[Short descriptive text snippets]
--------------------
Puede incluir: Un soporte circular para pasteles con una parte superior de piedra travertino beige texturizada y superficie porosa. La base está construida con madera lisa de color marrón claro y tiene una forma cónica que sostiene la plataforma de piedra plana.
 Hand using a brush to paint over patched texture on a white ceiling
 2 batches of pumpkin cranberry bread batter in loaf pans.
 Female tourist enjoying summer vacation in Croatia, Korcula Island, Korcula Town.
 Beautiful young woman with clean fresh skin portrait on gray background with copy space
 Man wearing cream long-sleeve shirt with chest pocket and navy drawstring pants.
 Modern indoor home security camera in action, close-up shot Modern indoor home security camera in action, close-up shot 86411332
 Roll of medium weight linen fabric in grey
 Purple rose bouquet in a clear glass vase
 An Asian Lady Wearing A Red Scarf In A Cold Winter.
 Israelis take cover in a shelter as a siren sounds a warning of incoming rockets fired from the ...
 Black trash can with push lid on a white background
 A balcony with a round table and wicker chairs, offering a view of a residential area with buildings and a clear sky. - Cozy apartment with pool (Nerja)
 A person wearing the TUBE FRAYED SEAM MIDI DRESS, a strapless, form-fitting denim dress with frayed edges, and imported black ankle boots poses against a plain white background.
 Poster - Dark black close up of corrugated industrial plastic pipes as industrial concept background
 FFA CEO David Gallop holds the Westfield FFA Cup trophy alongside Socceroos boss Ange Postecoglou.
--------------------
### Exercise directions
From the data above, gather every line that includes the word "with".

### Task answer
 Beautiful young woman with clean fresh skin portrait on gray background with copy space
 Man wearing cream long-sleeve shirt with chest pocket and navy drawstring pants.
 Black trash can with push lid on a white background
 A balcony with a round table and wicker chairs, offering a view of a residential area with buildings and a clear sky. - Cozy apartment with pool (Nerja)
 A person wearing the TUBE FRAYED SEAM MIDI DRESS, a strapless, form-fitting denim dress with frayed edges, and imported black ankle boots poses against a plain white background.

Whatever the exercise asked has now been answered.